Alignment: “Low competitiveness between companies”

Meanwhile, Vishor, which is controlled by Emil Weinschel and Nitzan Tze’ir-Harim, reported that Ayalon’s board of directors asked it for clarification that interests the entire market – how the controlling shareholders and the company (Vishor) intend to act in the context of controlling two insurance companies after the transaction. Vyshor clarified that in their opinion “the level of competitiveness between the two companies is low.”

“Vishor is a digital insurance company in the field of general insurance, which has advanced technological capabilities. The company is based on multi-channel marketing that is mainly direct and partly Internet in the field of general insurance,” explained Vishor, while Ayalon is a traditional insurance company. “Long-term, as well as life insurance and long-term savings. In all areas of activity, Ayalon is based on marketing through insurance agents and insurance agencies, so at the starting point, the level of competition between them is low.”

Despite this, the alignment intends to take a series of steps in order to manage the companies separately. For example, a director who serves in insurance insurance will not serve in Ayalon. It was further stipulated that the managements of the insurance companies and their boards of directors shall maintain a division between the companies in any matter which has a conflict of interest, and which has no synergistic value that can benefit both companies.

In addition, Ayalon will have the right to refuse any new business opportunity (which is not part of a tender or competitive process), related to insurance activity through agents in the field of general insurance, including the purchase of agent portfolios, which may interest both companies and reach the controlling shareholders. “You will have the right to refuse at any business opportunity through agents in the field of health insurance (except for trips abroad in which Ayalon is not active), and in the field of life insurance,” explained Vishor.

Last week, Ayalon held the company’s first top management conference in the new lineup, along with chairman Kaplan and new CEO Sharon Reich, where its plans for the coming period were presented. During the meeting, Reich said, in his first statement since his appointment, that first and foremost, Ayalon will continue to be a company operating through professional insurance agents, while Vishor will operate as an independent digital insurance company.

There is a slim chance of a similar arrangement in Clal Insurance

The Vishur and Ayalon transaction may be resolved by folding a layer in the manner specified, but the requirement set by the Securities Authority also applies to the request to acquire control.

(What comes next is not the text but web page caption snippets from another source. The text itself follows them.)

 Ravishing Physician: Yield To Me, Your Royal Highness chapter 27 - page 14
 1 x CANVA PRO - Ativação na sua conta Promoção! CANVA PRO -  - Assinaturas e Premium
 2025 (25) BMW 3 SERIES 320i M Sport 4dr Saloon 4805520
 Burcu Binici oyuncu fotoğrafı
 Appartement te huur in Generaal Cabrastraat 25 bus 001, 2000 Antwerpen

BClal Insurance Submitted by Alrov Real Estate of Alfred Akirov.

In this case, too, Clal Holdings is a public company, the insurance company under it is private, and Clalbit Financing is a bond-raising company.

Unlike Ayalon, where the shareholders of the two companies have an interest in completing the sale, Clal Insurance – a company without a controlling interest today – will not initiate a merger that will make it easier for Alrov and its owners Akirov to take over the company.

Alrov, which already owns 15% of Clal’s shares, wants to double its holdings, but there is tension between it and Clal’s management, led by CEO Yoram Naveh, since a stakeholder deal that Alrov sought to approve with its subsidiary Luca, which operates in the hotel industry in Europe. This is meant to get along well with Akirov’s son, Georgie, who runs Luca.

Clal Insurance, which was previously the largest minority shareholder in Alrov, opposed the deal, and only after agreeing to sell its shares in Alrov did it agree to support it. In addition, the volume of Clalbit’s bonds raised for Clal Gadol’s insurance company is tens of times greater than that raised by Ayalon IPOs for Ayalon, so in order to fold a layer, Clal will have to cash out about NIS 4 billion in issued bonds, as well as give up a source to raise money to expand its operations. The business.